Many of us attacked this shameful scorched earth style of savage and thoroughly repugnant campaigning. At one debate with Larry King moderating you demanded that Bush not even touch you.
So what happened at the end? You were seen embracing and being embraced by George W. Bush. I have seen that scene repeated many times with the same visceral feeling of disgust being shown by you as your body tightens up and recoils. You know what Bush was responsible for and you detest him for it, but rather than embrace principle and tell him as well as his ruthless organization what you think of them you swallowed your distrust and detestation in the interest of political expediency.Could we not say that this embodies surrender on your part?
Now you take credit for tackling corruption in government. You went after lobbyist Jack Abramoff. Here is the question many of us have asked: Why did you not extend your committee’s investigation beyond lobbyists to fellow Senate members? As one political analyst bluntly put it the other day, “It’s one thing to jail the johns but what about going after the whores?”
Once more it appears that expediency won the day, Senator McCain. You capture headlines by going after Abramoff but know just where and when to pull your investigative wagon to a halt.
Could we not say that this embodies surrender on your part?
After you used your wife’s fortune to secure election to the Senate as a Reagan corporate Republican you became one of the “Keating Five,” a distinction you would prefer the body politic to forget.
In 1987 it was revealed that you were one of five Senators who took huge campaign contributions from so-called savings and loan entrepreneur Charles Keating, a huckster who bilked a fortune out of seniors seeking assistance on the best means of investing and gaining interest on their retirement money.
In return for Keating’s generous campaign assistance, you and your four colleagues pressured government regulators to spend their time and attention elsewhere rather than to probe Keating’s dirty dealings, which ultimately saw him convicted and sent to federal prison.

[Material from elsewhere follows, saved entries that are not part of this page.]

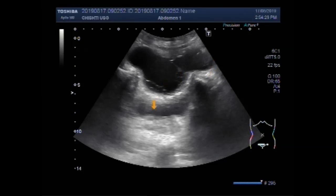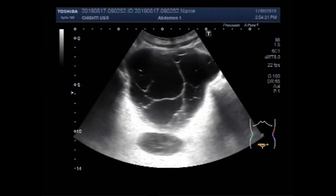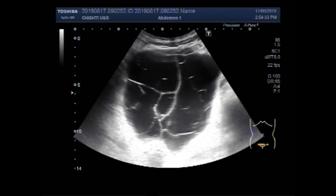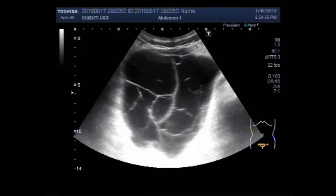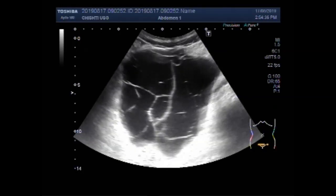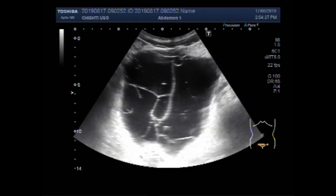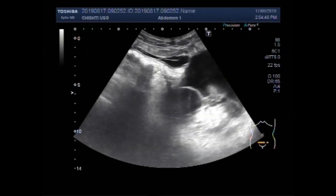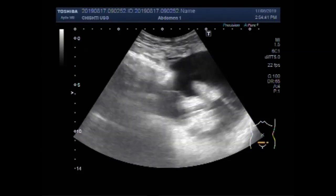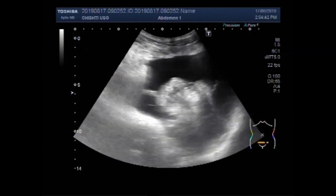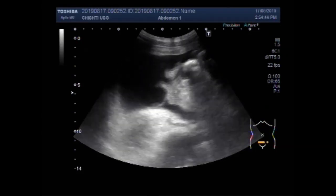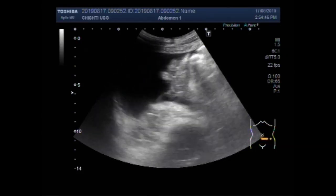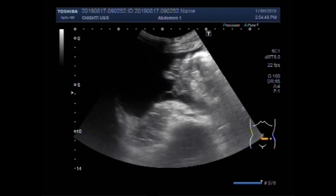This is the urinary bladder, and multiple internal echoes are seen in the fluid. These are the regions in between the gut loops and the fluid.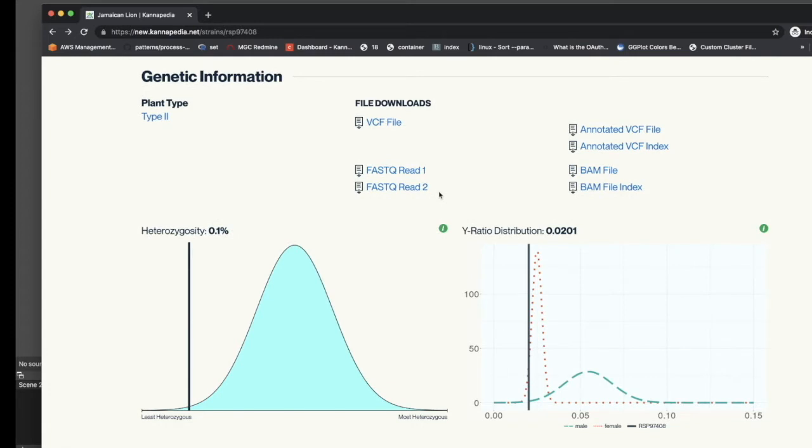FASTQ files contain the raw sequencing reads which come out of the DNA sequencer, while the BAM files contain the mapped positions of those reads to the Jamaican Lion reference and what was used to generate the variant calls which are used in the analysis in a Cannapedia report.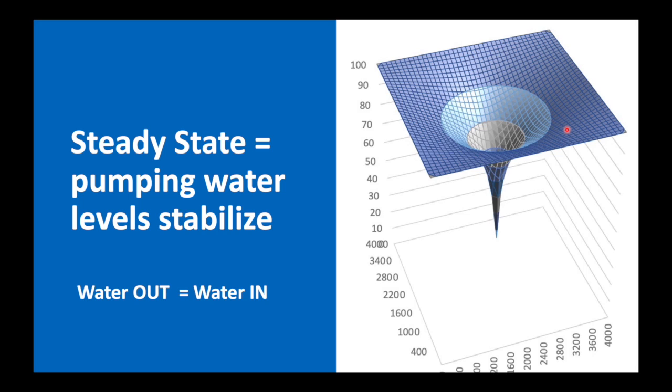The only way we can reach steady state is when the amount of water we abstract from the aquifer equals the amount of water that goes in through groundwater recharge. You cannot reach steady state if there's an imbalance between the inflows and the outflows.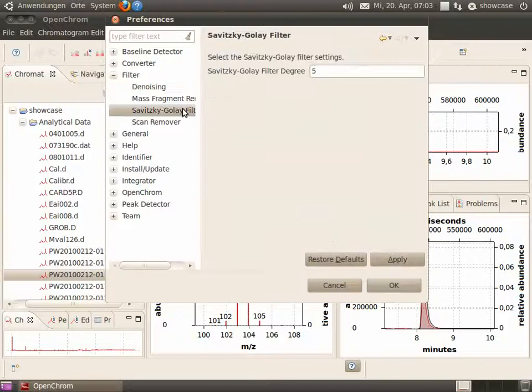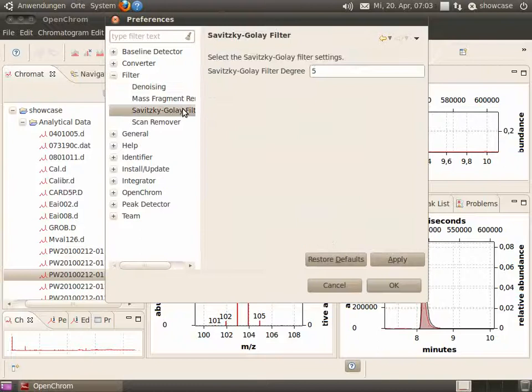Then apply and let's select the Savitsky-Golay filter degree. It's five. Now we apply.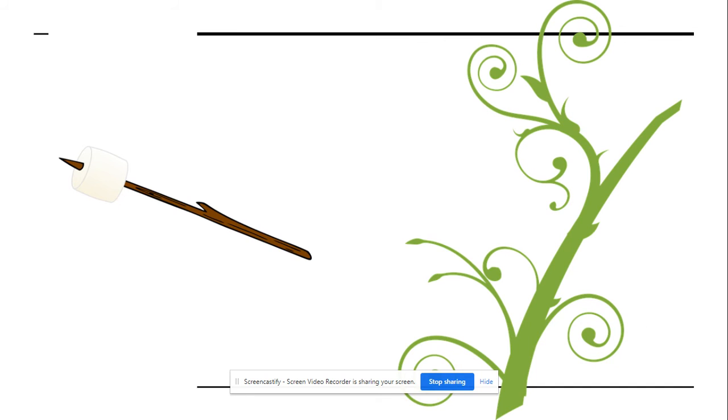Which picture begins with the consonant blend st? Is it stick or vine? Stick.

Johann Hari of London’s Independent quoted your response to the Keating tragedy: “I did it for no other reason than I valued (Keating’s) support.”
Senator McCain, did your activity on Keating’s behalf embody surrender?
Now you seek to link yourself to Reagan to gain the worthwhile support of such noble Republicans as Rush Limbaugh and Ann Coulter. You even finally came around and embraced Bush’s tax cuts, modeled on the old Reagan formula.
Those tax cuts produced results for both Reagan and Bush respectively, not to mention America. When Reagan left office his tax cuts heavily skewed toward the rich had tripled the national debt to $3 trillion.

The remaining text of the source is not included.